More than one filmmaker has been on Dartmoor this summer. Local indie kids Lawrence McNeela and Andy Baker were busy shooting The Moon Shines Bright, as Lawrence explains.
Filming on Dartmoor involves a challenge, the weather sees to that. It also offers fantastic opportunities, especially as the location for a ghost story. There are strange tors, eerie prehistoric remains nestling within the most barren of landscapes and abandoned properties stood as memorials to bygone lives. There is scenery that simply screams, ‘desolate beauty’.
In the south-west corner of the moor lies a place not so far away, geographically speaking, from the centres of civilisation of Tavistock and Plymouth. Culturally, however, it could be another world. A mysterious complex of menhirs, cairns and hut circles date from the Bronze Age, the adjacent ruined farmhouse from the 16th century. For a classic English chiller in the style of the spooky tales of M R James, it makes the perfect setting.
A walk among those relics of the past inspired Andy Baker to pen The Moon Shines Bright, originally conceiving it as a short story, then a novel and finally a film. Shooting was scheduled for last November but had to be shelved due to that old cliche, ‘unforeseen circumstances’. I came onboard in February and, after working hard all spring to rewrite the script, inventing new characters and scenes, and bringing a folk music element to the finished piece, we knew we had something to be excited about.
Locations were scouted and casting went better than could be hoped for, and we assembled a great team to act the parts of troubled archaeologist Thom Stukeley and the various women in his life. Londoner Chrissie White plays retired professor Audrey Wheeler, Scottish actress Tricia Stewart his wife Dora and Emma MacNab the mysterious stranger Lesath.

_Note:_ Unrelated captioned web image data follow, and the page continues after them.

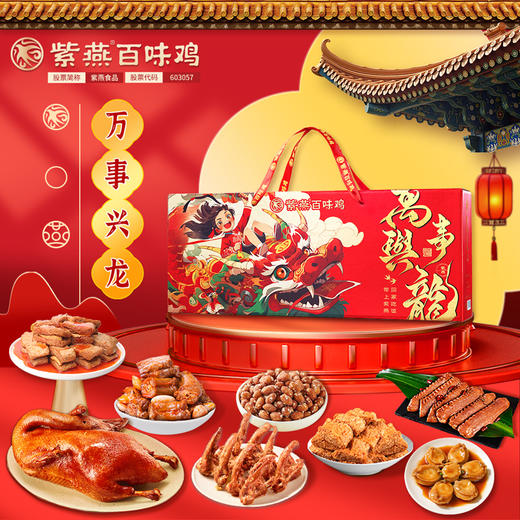 紫燕万事兴龙礼盒893g 商品图2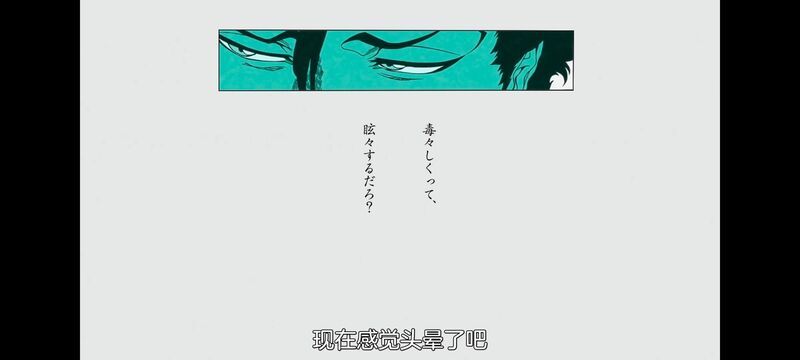 死神,千年血战,Bleach,动画,动漫,番剧,日漫,二次元,ACG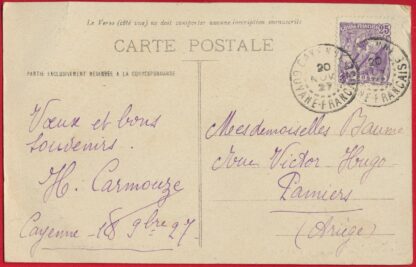 CPA  Cayenne - Gendarmerie Nationale – Image 2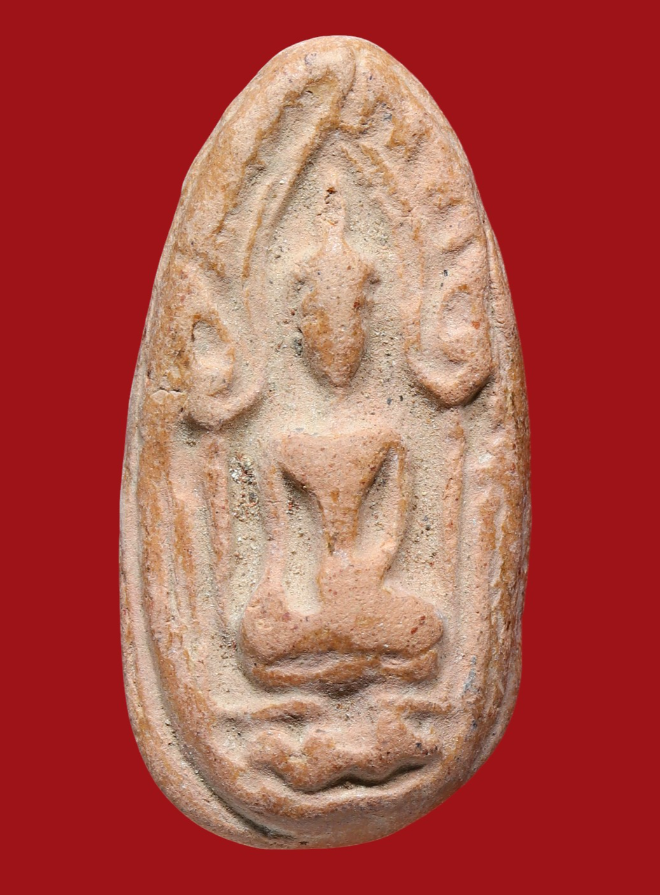 รูปที่อัปโหลด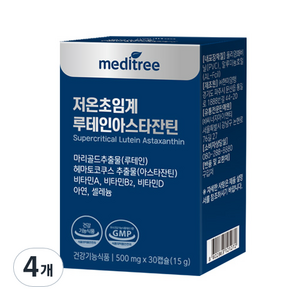 메디트리 저온초임계 루테인 아스타잔틴 15g, 4개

The weather was surprisingly kind while we filmed. Yes, this summer was unseasonably cold, but it remained dry while we were up on the moor. How awful it would have been trying to shoot near Princetown in the pouring rain! Especially when a four-year-old girl was acting the part of a ghostly child and we’d missed out on the chance of an events shelter. My Charlotte really enjoyed acting; I don’t think she would have done so had the Heavens opened!
Beautiful newcomer Emma MacNab suffered for her art, however. The Exmouth-based actress had to wear the skimpiest white summer dress possible for her role as Lesath. That appeared fine on paper; we were filming in August, afterall. However, as anybody familiar to the area knows, even summer can be freezing on Dartmoor and poor Emma only got through the last take by being told, ‘Act like you’re not cold or we’ll have to take it again and again until it’s right.’
She’s since admitted, though I’m not sure she thought so at the time, that it being so cold made the setting more authentic. A ghost story wouldn’t have looked right filmed in dazzlingly warm sunshine.
Sorry Emma. I’m sure it will all be worth it in the end!
(images: top, the Moon Shines Bright crew on location on Dartmoor; above, Charlotte on set)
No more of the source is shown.